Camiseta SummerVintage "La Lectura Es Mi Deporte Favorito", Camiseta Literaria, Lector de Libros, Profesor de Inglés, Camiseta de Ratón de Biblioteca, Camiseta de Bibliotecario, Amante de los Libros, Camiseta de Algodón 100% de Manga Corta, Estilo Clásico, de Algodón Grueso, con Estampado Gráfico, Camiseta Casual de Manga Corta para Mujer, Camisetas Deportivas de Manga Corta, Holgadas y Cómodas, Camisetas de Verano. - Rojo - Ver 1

* * *

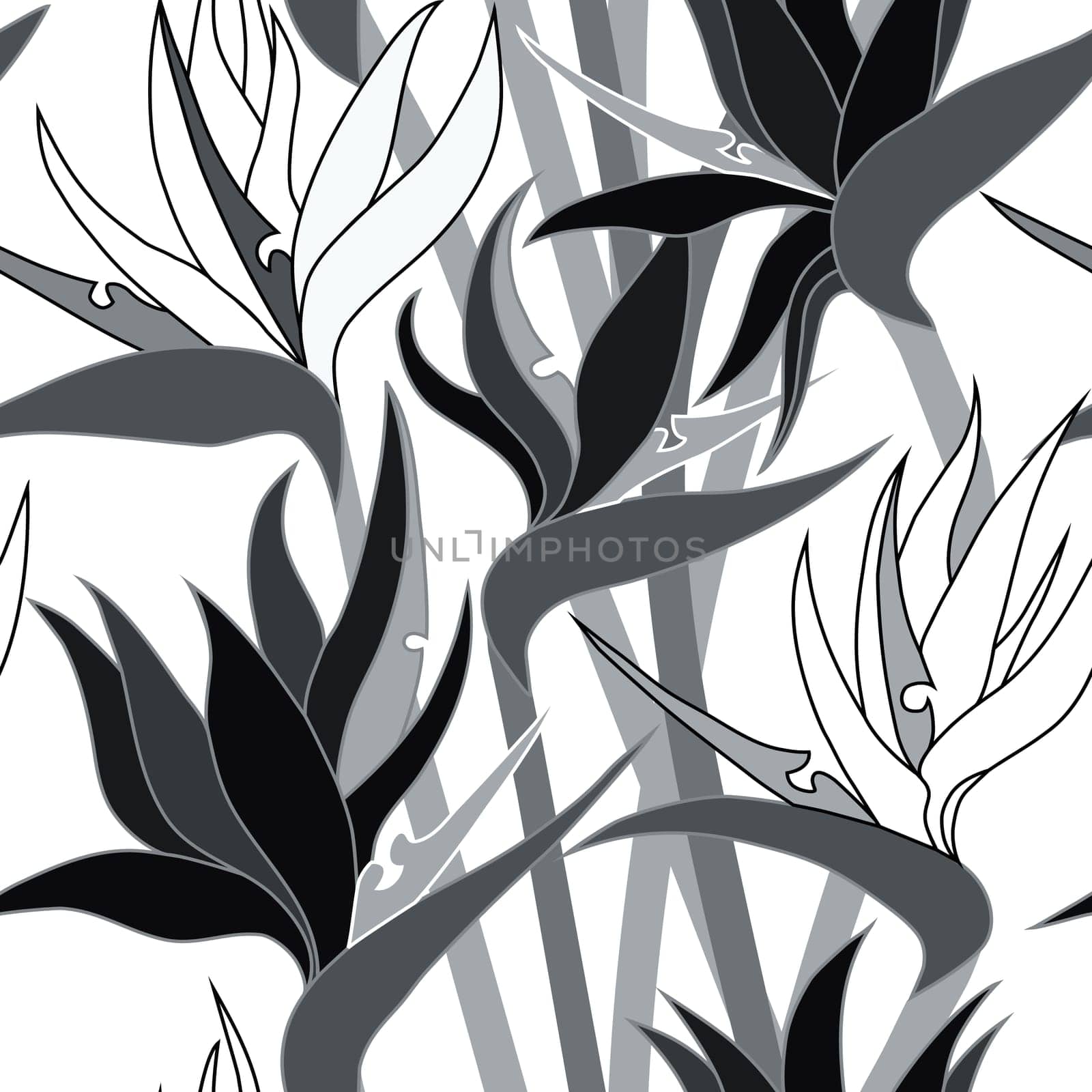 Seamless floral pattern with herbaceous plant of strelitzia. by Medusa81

* * *

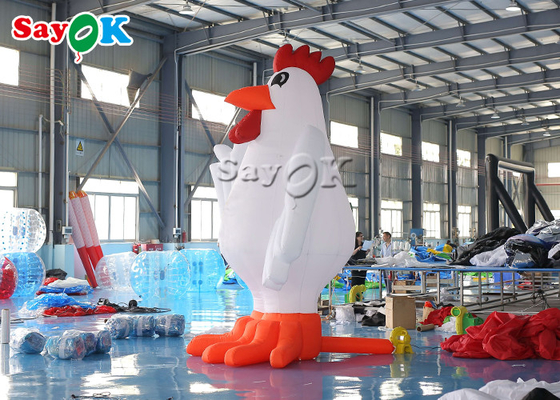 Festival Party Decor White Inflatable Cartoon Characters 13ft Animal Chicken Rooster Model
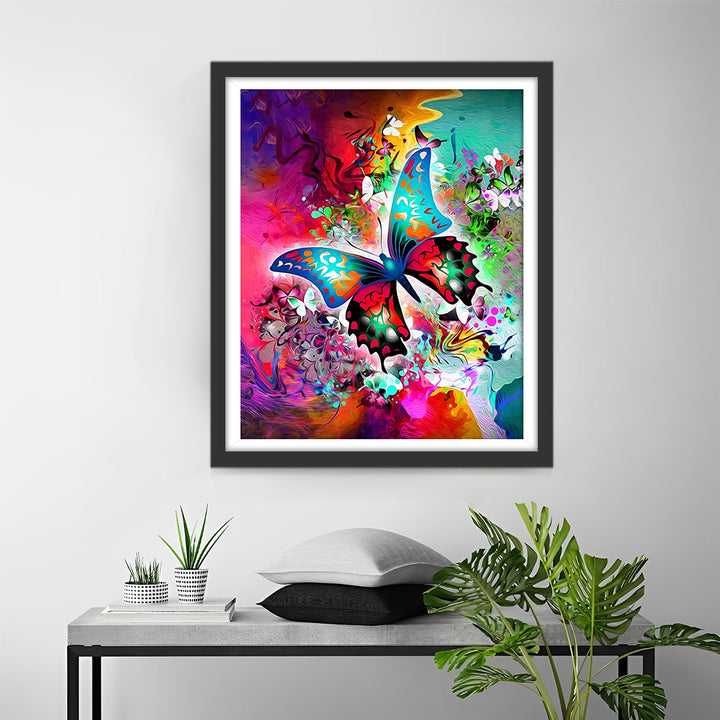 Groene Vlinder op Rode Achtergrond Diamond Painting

[TASK]
Reproduce, word for word, everything in the listing above from the line containing "Festival Party Decor" down to the line containing "Groene Vlinder op", both of them included. No pictures.

[REPLY TO THE TASK]
 Festival Party Decor White Inflatable Cartoon Characters 13ft Animal Chicken Rooster Model
 Groene Vlinder op Rode Achtergrond Diamond Painting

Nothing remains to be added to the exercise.